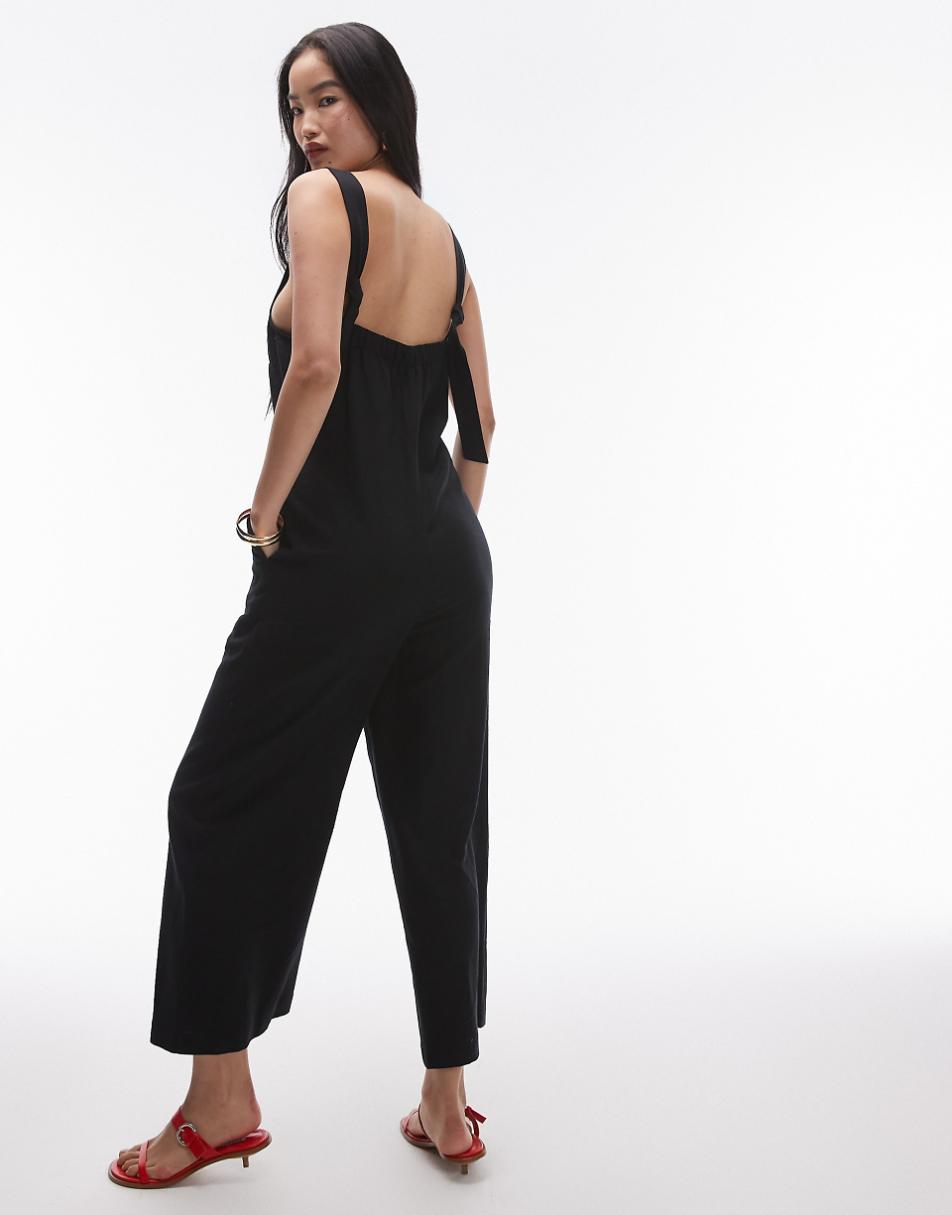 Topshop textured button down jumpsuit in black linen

* * *

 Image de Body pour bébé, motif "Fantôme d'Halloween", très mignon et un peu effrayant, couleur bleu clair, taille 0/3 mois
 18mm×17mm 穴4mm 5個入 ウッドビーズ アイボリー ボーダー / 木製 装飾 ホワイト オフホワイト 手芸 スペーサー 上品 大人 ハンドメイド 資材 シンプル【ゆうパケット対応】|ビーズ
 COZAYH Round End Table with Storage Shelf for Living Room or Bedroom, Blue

Exercise description: From the listing above, return the lines starting at the one with "18mm×17mm 穴4mm 5個入" and ending at the one with "COZAYH Round End", both kept, exactly as they appear and nothing more.

Output of the exercise:
 18mm×17mm 穴4mm 5個入 ウッドビーズ アイボリー ボーダー / 木製 装飾 ホワイト オフホワイト 手芸 スペーサー 上品 大人 ハンドメイド 資材 シンプル【ゆうパケット対応】|ビーズ
 COZAYH Round End Table with Storage Shelf for Living Room or Bedroom, Blue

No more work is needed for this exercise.